Apply a tuned profile to align system behavior with workload goals, then reduce CPU scheduling pressure by adjusting process priorities with nice and renice. Verify the active profile and confirm your priority changes took effect on running processes.
A host is being repurposed to handle a heavier workload. Your job is to apply a tuned profile appropriate for throughput and then reduce the impact of noisy background CPU jobs by controlling process priorities. You will verify tuned state, start test workloads, and use nice and renice to adjust scheduling priority safely.

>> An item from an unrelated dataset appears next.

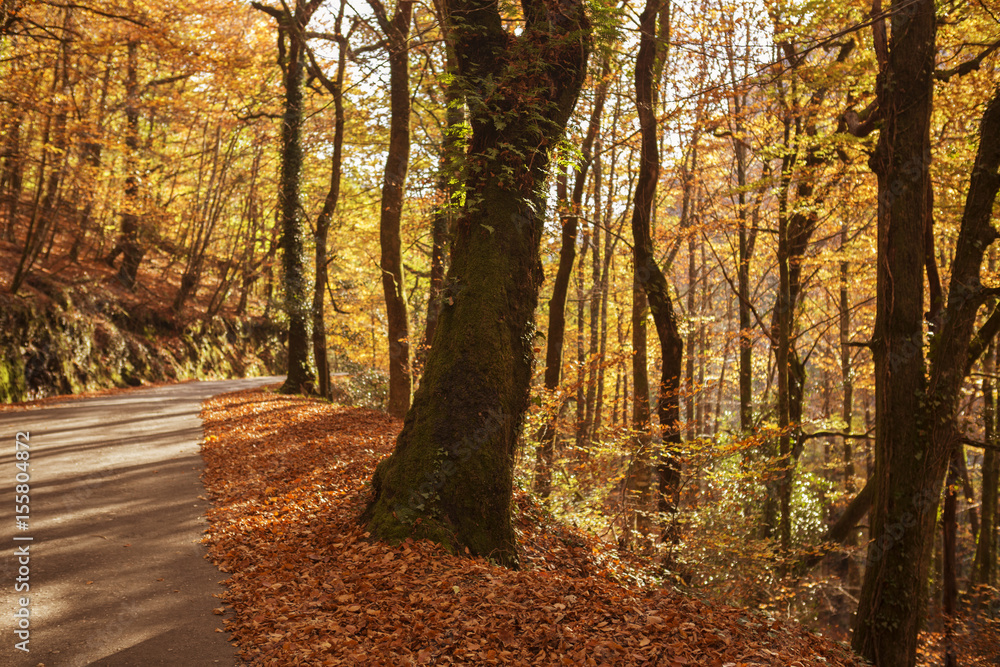 Fototapeta premium Autumn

tuned changes system behavior at a profile level. nice and renice are per-process controls and will not fix a broken workload, but they can keep low-value jobs from competing with critical services.
# Debian/Ubuntu
sudo apt install tuned -y
# RHEL/Fedora
sudo dnf install tuned -y
# Arch (if available in your repo set)
sudo pacman -S tuned
tuned is most common in RHEL-family environments, but the workflow is the same: install it, start it, then manage profiles.
# Expected pattern:
Package installs successfully (or reports already installed).

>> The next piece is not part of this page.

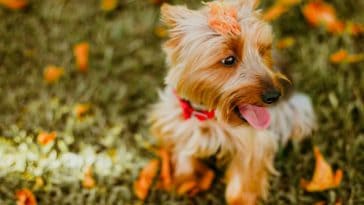 Best Wet Food for your Puppy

sudo systemctl enable --now tuned
This starts profile enforcement and ensures tuned starts on boot.
# Expected pattern:
Active: active (running)
tuned-adm list
Look for profiles like
balanced
,
powersave
,
throughput-performance
, and other workload-specific options depending on distro and version.
sudo tuned-adm profile throughput-performance
This is a common server profile that favors throughput over power savings. Always verify the active profile after changing it.
# Expected pattern:
Profile set to throughput-performance
tuned-adm active
Treat this as a verification step before you start process-level tuning.
# Expected pattern:
Current active profile: throughput-performance
yes > /dev/null &
This creates predictable CPU load so you can see how priority changes behave.
# Expected pattern:
Job starts in the background and returns a PID.

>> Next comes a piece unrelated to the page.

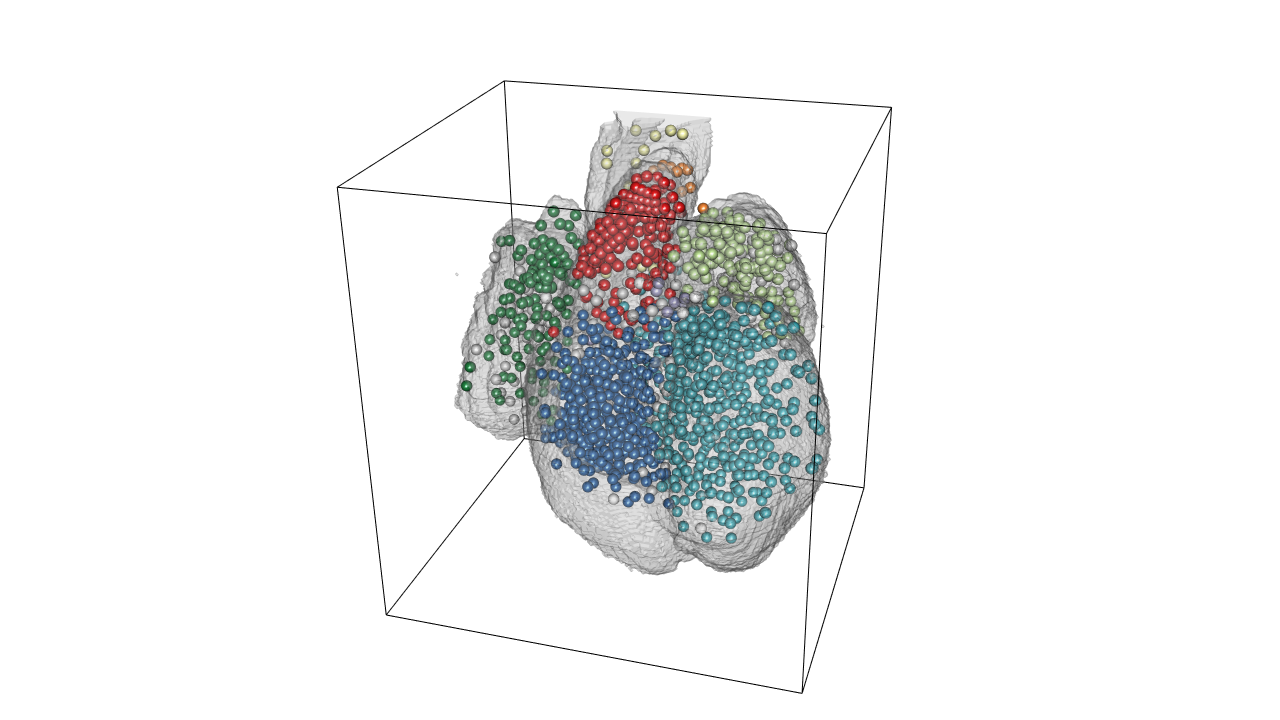 Showing spots in 3D.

nice -n 10 yes > /dev/null &
Higher nice means lower scheduling priority. This is a clean way to ensure a background job competes less aggressively for CPU.
# Expected pattern:
Job starts in the background and returns a PID.
# list PIDs for the test workload
pgrep yes
# verify NI values (NI column shows nice)
ps -o pid,ni,cmd -C yes
You should see one process with NI 0 and one process with NI 10. If you started more than two, stop them and repeat the test with one at a time.
# Expected pattern:
PID NI CMD
1234 0 yes
5678 10 yes
# Example: lower the priority of PID 1234 by increasing nice
sudo renice 15 -p 1234
# Verify the change
ps -o pid,ni,cmd -p 1234
In practice, increasing nice values is the safer move for background jobs. Decreasing nice values requires elevated privileges and should be used sparingly.
# Expected pattern:
1234 (process ID) old priority 0, new priority 15
# lab cleanup options
killall yes
# OR
pkill yes
Clean shutdown of test noise matters, especially if you repeat labs frequently.
tuned may be installed but not started, or you installed a package set that
does not include the CLI tooling. Confirm with
rpm -q tuned
or
dpkg -l tuned
and re-check
systemctl status tuned
.
Some distros ship different profile sets or names. Use
tuned-adm list
and choose the closest match to your intent instead of guessing.
If you see more than two
yes
processes, your earlier runs are still active. Kill them, then repeat the test
so you can compare two processes cleanly.
Increasing nice values is usually allowed for your own processes, but lowering
nice values requires elevated privileges. Use
sudo
and prefer increasing nice for background workloads.
Stop test workloads and optionally return to a default tuned profile if this host is not intended to run with the throughput profile.
# stop the lab load
pkill yes
# optional: switch back to a general profile
sudo tuned-adm profile balanced
# verify
tuned-adm active
tuned-adm
: Profile management CLI for tuned.
list
: Show available profiles and selection.
profile <name>
: Apply a profile.
active
: Show the active profile.
systemctl
: Service control for enabling tuned.
enable --now tuned
: Enable on boot and start immediately.
status tuned
: Check service state.
nice
: Start a process with a specific nice value.
-n <N>
: Set nice value (higher means lower priority).
renice
: Change nice value of a running process.
-p <PID>
: Target a specific process ID.
ps
: Inspect process attributes including NI.
-o pid,ni,cmd
: Show PID, nice value, and command line.
-C <name>
: Select by command name.
pgrep
: Find PIDs by process name.
pkill
: Stop processes by name (use carefully).
killall
: Stop processes by name (use carefully).